Yaakov works seven years for Leah, and then seven more years for Rachel. Why does he have to work seven for both of them?
I would suggest that the Torah gives us a hint – that when it says that the seven years “seemed unto him but single days”, and then again, “Jacob said unto Laban: ‘Give me my wife, for my days are filled’” – that we are being told that it is not the years that matter, but the number “seven” itself. The years might as well be days, and that is how Yaakov feels them.
G-d made the world in seven days. The Torah is telling us that a marriage, each marriage, is analogous to building the whole world. When a man marries a woman, they create their own world together, and then, just as with Adam and Eve, life begins anew, and together.
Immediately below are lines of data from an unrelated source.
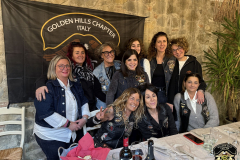 PRANZO-DI-NATALE_06
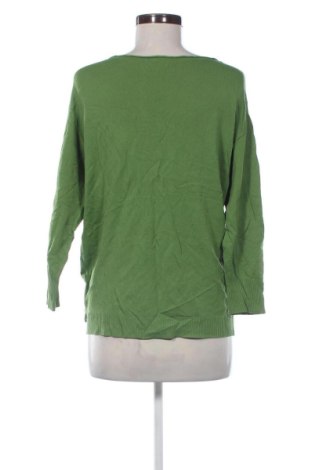 Дамски пуловер Unbranded, Размер M, Цвят Зелен, Цена 7,66 €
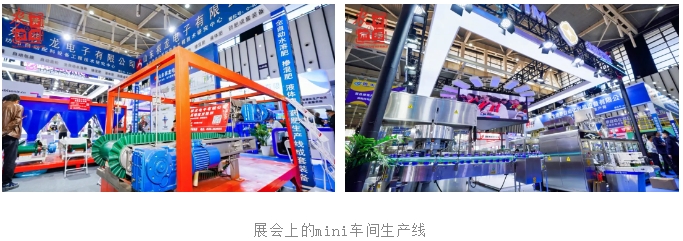 微信截图_20241111093303.png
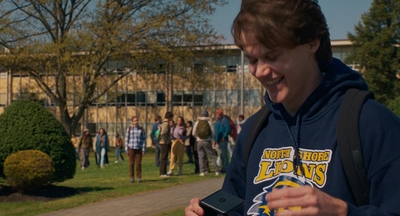 Mean_Girls_mp41048.jpg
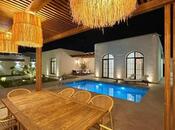 Elan №5632132 - Bakı, Mərdəkan q., 4 otaqlı, 180 m²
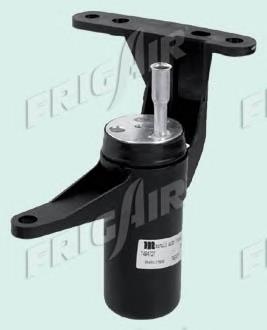 13740206 Frig AIR receptor-secador del aire acondicionado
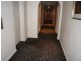 1410/83-85 Spring Street, Bondi Junction NSW 2022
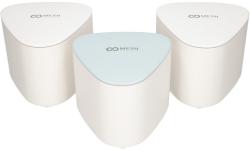 Extralink Dynamite MESH AC2100 MIMO HOME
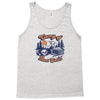 camp of lost souls Tank Top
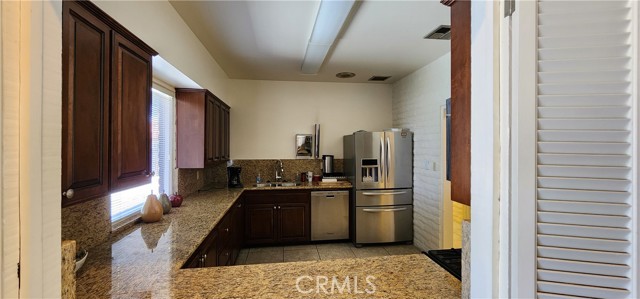 Detail Gallery Image 21 of 25 For 3500 Buchanan #145,  Riverside,  CA 92503 - 2 Beds | 2 Baths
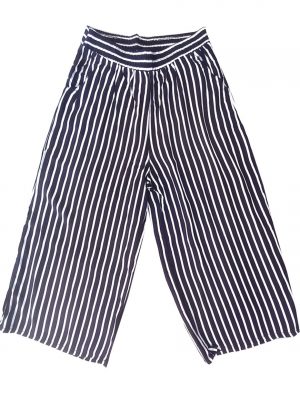 Παντελόνι κάπρι | AL911-1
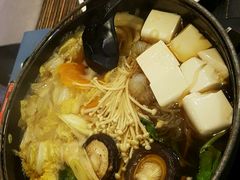 -山屋日式料理屋(宛平88店)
There is a very important corollary to this nugget. The two marriages are very different, and they yield different fruit. Leah bears six children directly (and more through her handmaid). She is also buried in the cave of Machpelah, in the ancestral family burial grounds.
But the marriage with Rachel is much less productive. Rachel has fewer sons, and is not buried at Machpelah, but is instead buried in a place along the side of the road, a spot that is not even marked.
The real kicker? Leah loves Yaakov profoundly and deeply, while the Torah never tells us that Rachel loved her husband at all!
The Torah is teaching us a lesson about marriage, work, and all of life. Our investments and their returns are connected. Things that are hard to achieve are worth far more than the things that come easy (compare the spending habits of a man who earned his bread versus one who wins it).
Yaakov’s investment for Rachel is easy – every year is like a day to him. He does not have to invest; it is painless.
But the years Yaakov works for Leah are not called “like days”. They are full, hard years of labor.
And what is the return on his investment? With Leah, Yaakov enjoyed a richer and fuller marriage, and eternity spent together in Machpelah after their lives had passed.
The marriage with Rachel is also commensurate with Yaakov’s investment: she is not similarly blessed with children nor even with a notable love for her husband.
The lesson is simple enough: the harder path may well be more fruitful. Our rewards, especially in relationships, are commensurate with the effort and energy that we pour into that relationship. Indeed, building a marriage is the way in which each of us creates the entire world.